== WHAT YOU ARE ASKED TO DO ==
Go to the line below that has "Buy stock photo", print it and each line after it exactly, and stop after the line that has "Colored clothes hanging"; leave out pictures.

== MATERIAL FOR THIS TASK ==
+===+

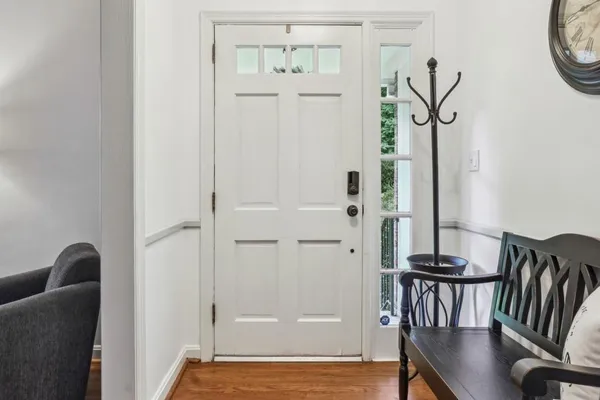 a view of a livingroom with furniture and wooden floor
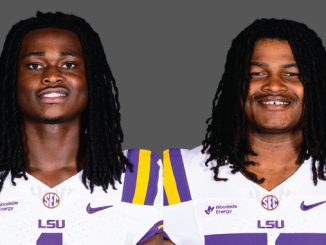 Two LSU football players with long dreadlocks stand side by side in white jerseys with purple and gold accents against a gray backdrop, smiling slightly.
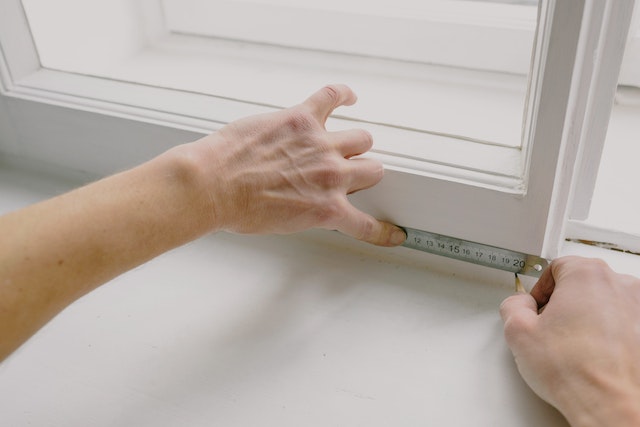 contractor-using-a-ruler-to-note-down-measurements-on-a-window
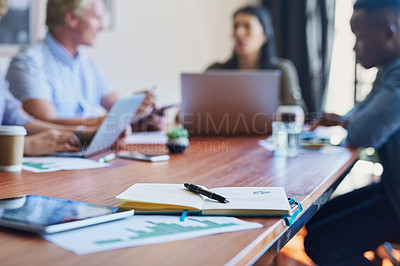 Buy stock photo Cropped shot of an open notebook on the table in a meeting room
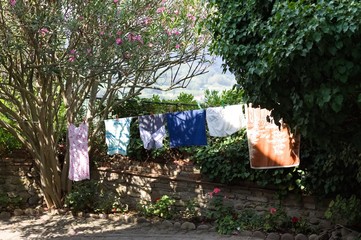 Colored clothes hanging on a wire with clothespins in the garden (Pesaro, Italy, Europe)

+===+

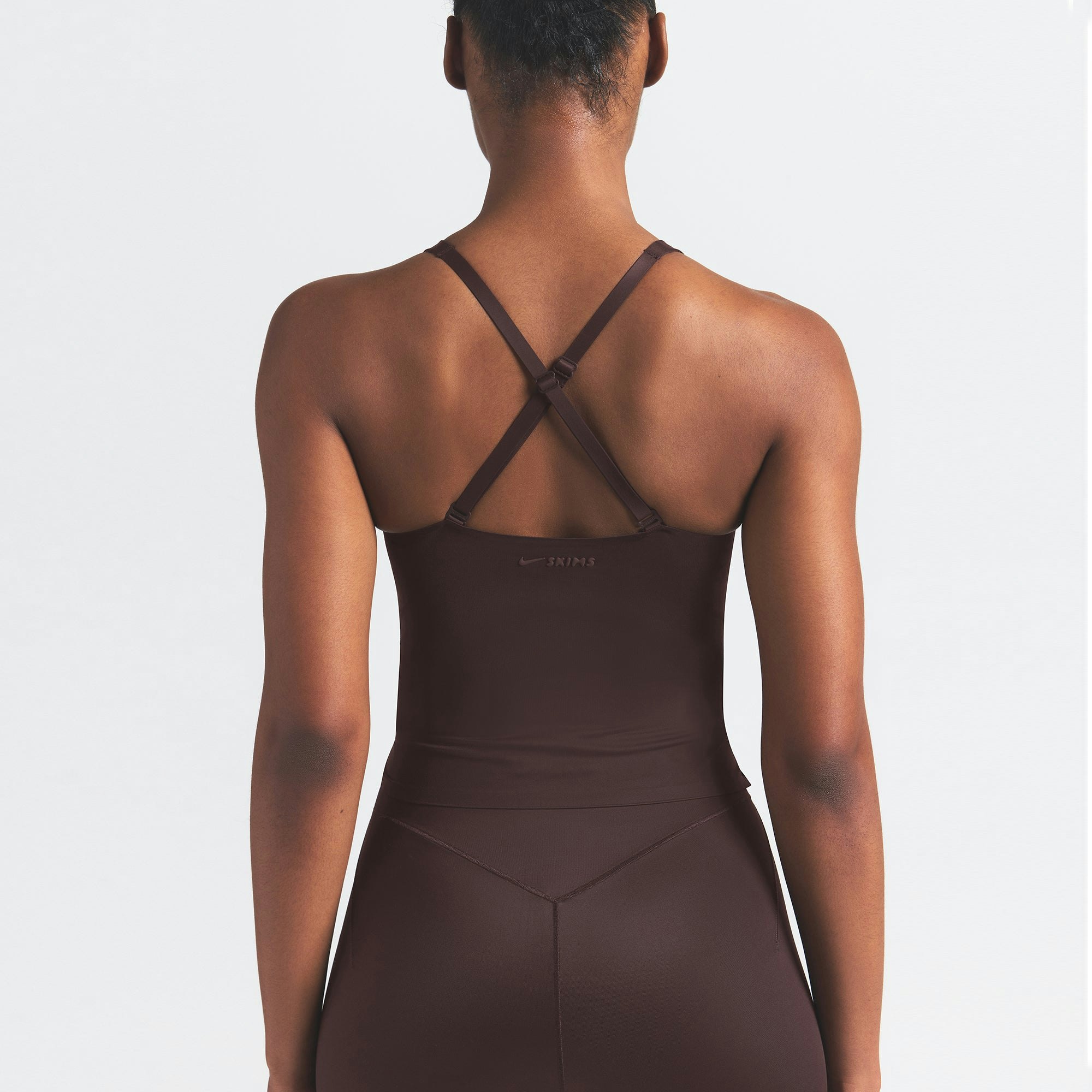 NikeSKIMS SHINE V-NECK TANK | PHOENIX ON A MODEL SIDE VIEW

+===+

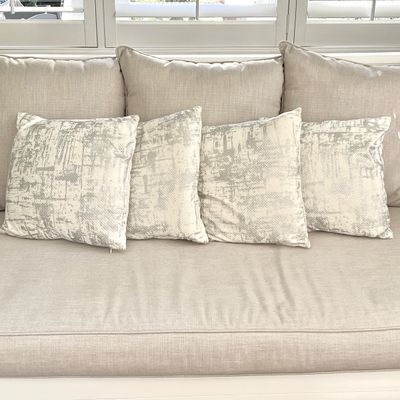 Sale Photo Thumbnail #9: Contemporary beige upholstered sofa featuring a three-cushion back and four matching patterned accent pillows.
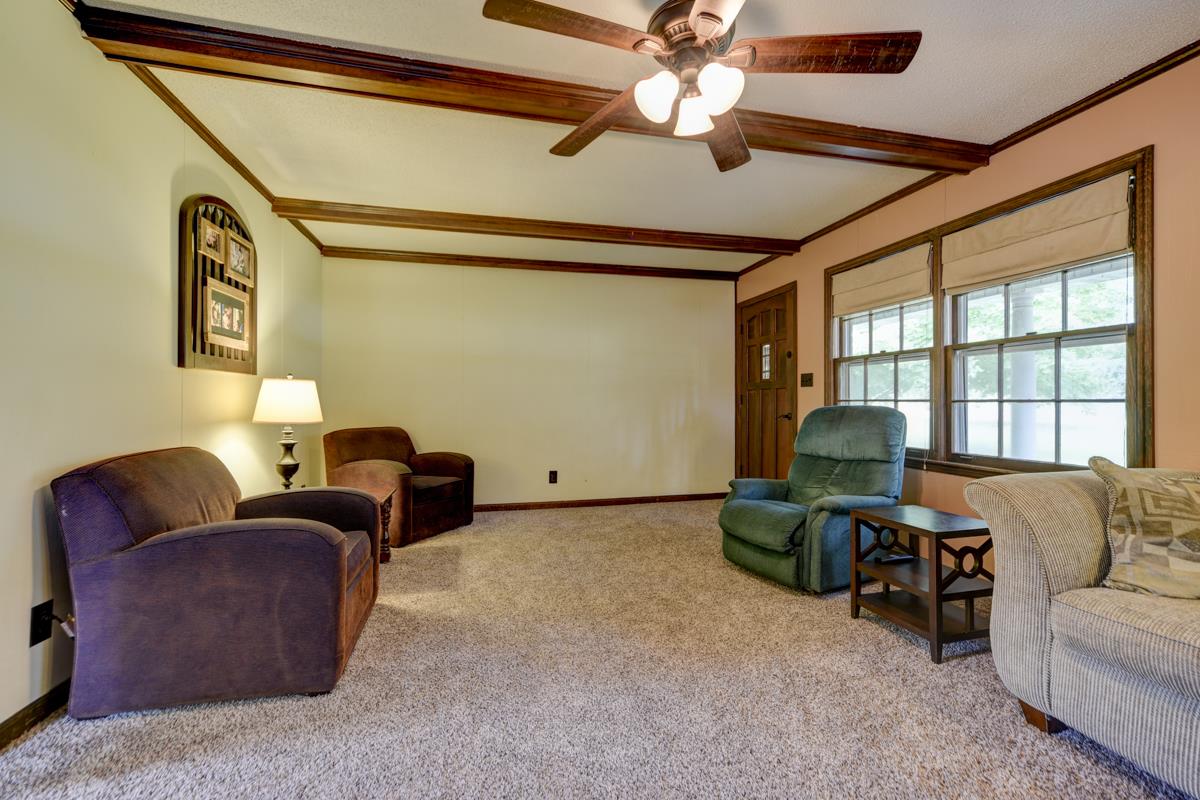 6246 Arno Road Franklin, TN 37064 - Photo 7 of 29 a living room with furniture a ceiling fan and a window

+===+

== EXERCISE ANSWER ==
 Buy stock photo Cropped shot of an open notebook on the table in a meeting room
 Colored clothes hanging on a wire with clothespins in the garden (Pesaro, Italy, Europe)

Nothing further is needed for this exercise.